▶ **TASK BRIEF**: The expected output is an exact copy of the lines from the one containing "Tellur Silicone USB" through the final line of the entries below, with no images.

▶ **DATA RECORDS**:
<<<<

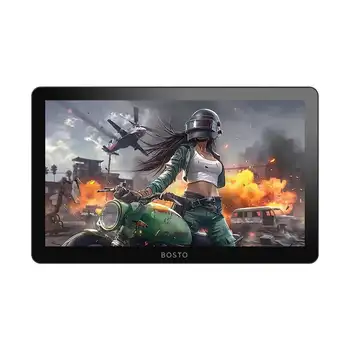 Bosto 18.4 inch 4k touch screen monitor for gaming drawing monitor 16384 levels stylus pen display all in one drawing computer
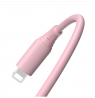 Tellur Silicone USB to Lightning cable 3A, 1m, pink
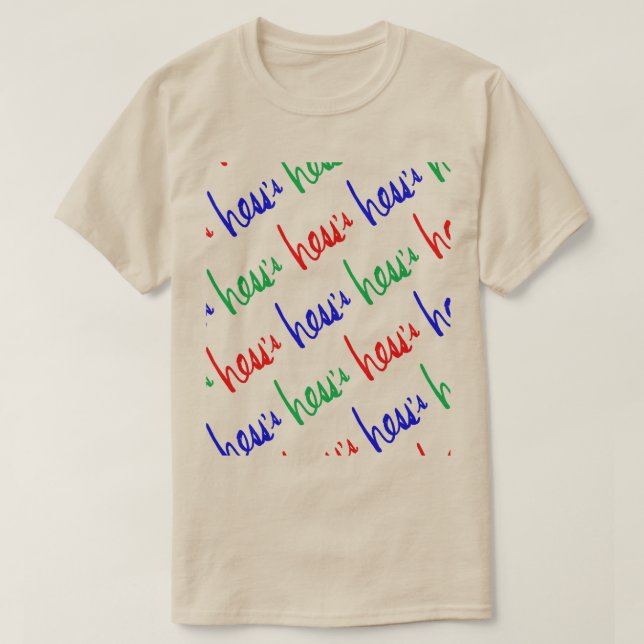 Hess's T-shirt (Design Front)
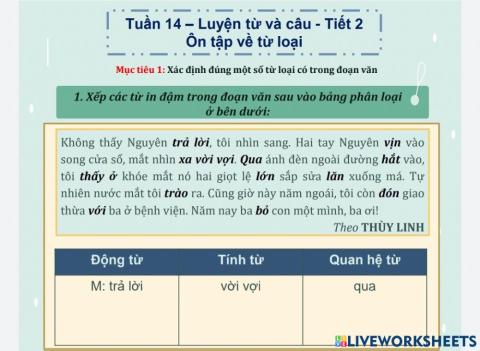 LTC: Ôn tập về từ loại (tiếp theo)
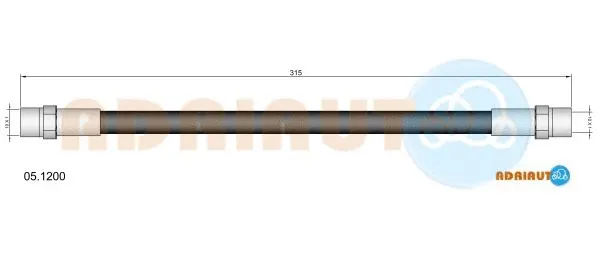 Flexible de frein ADRIAUTO 05.1200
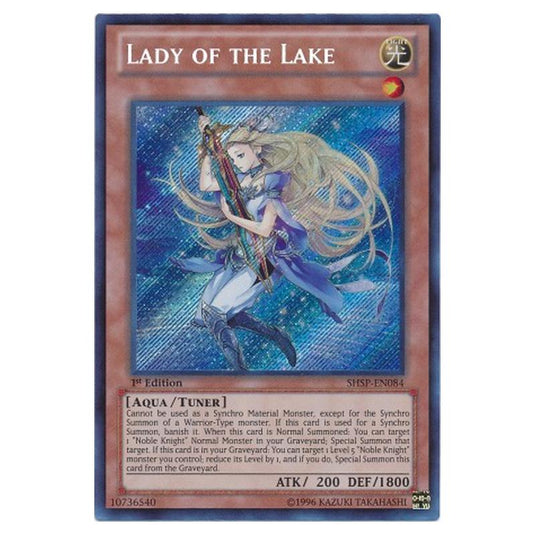 Yu-Gi-Oh! - Shadow Specters - Lady of the Lake (Secret Rare) SHSP-EN084
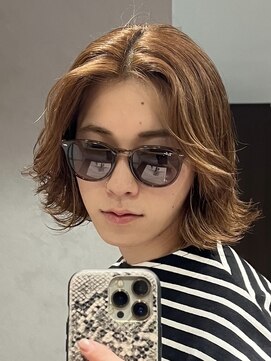 ヘアカロン 熊本本店(Hair CALON) メンズロン毛ハイライトメンズカラー熊本下通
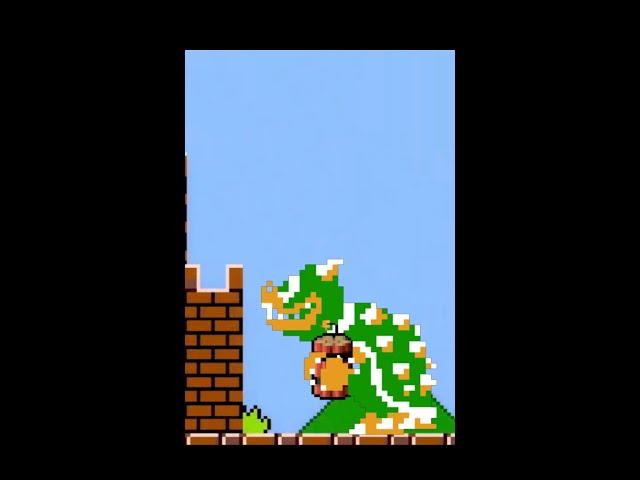 When Bowser rigged the castle!   #shorts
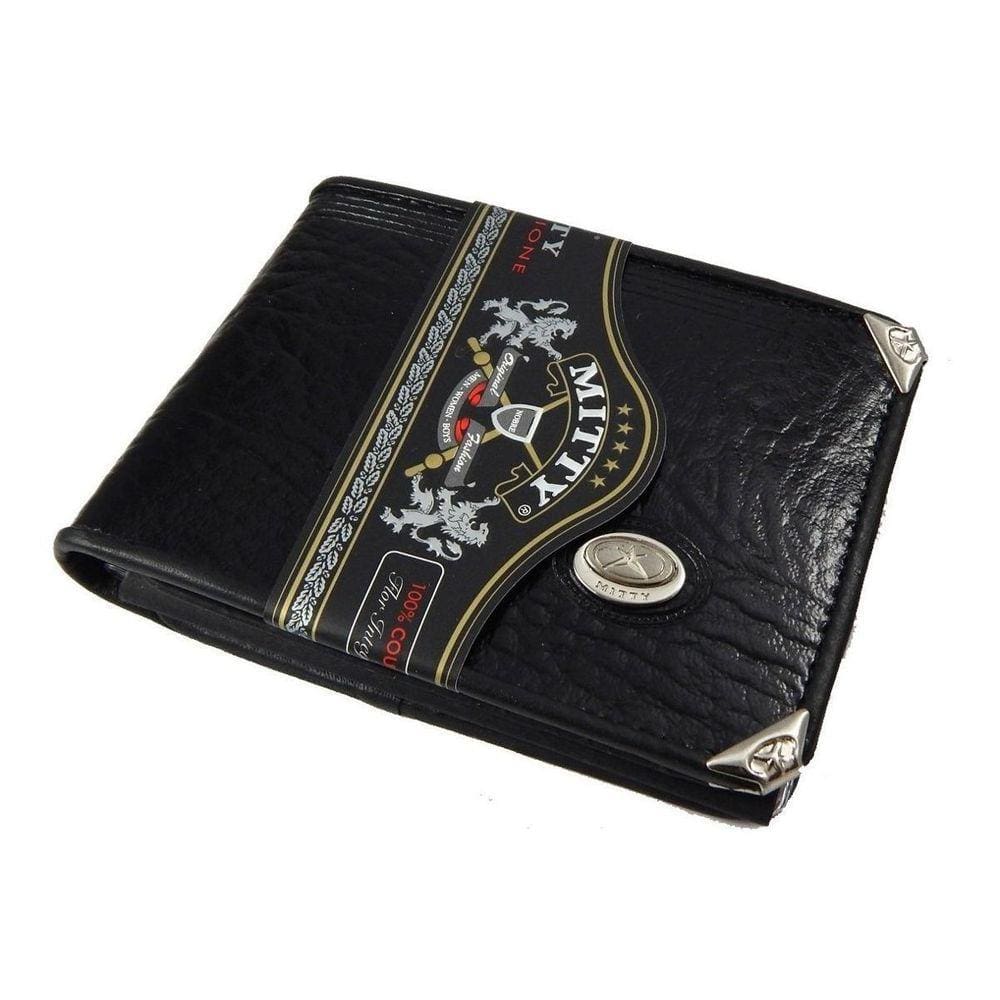 Carteira Mitty Em Couro  Preto   - M1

>>>>

▶ **SOLVED PROBLEM**:
 Tellur Silicone USB to Lightning cable 3A, 1m, pink
 Hess's T-shirt (Design Front)
 LTC: Ôn tập về từ loại (tiếp theo)
 Flexible de frein ADRIAUTO 05.1200
 Yu-Gi-Oh! - Shadow Specters - Lady of the Lake (Secret Rare) SHSP-EN084
 ヘアカロン 熊本本店(Hair CALON) メンズロン毛ハイライトメンズカラー熊本下通
 When Bowser rigged the castle!   #shorts
 Carteira Mitty Em Couro  Preto   - M1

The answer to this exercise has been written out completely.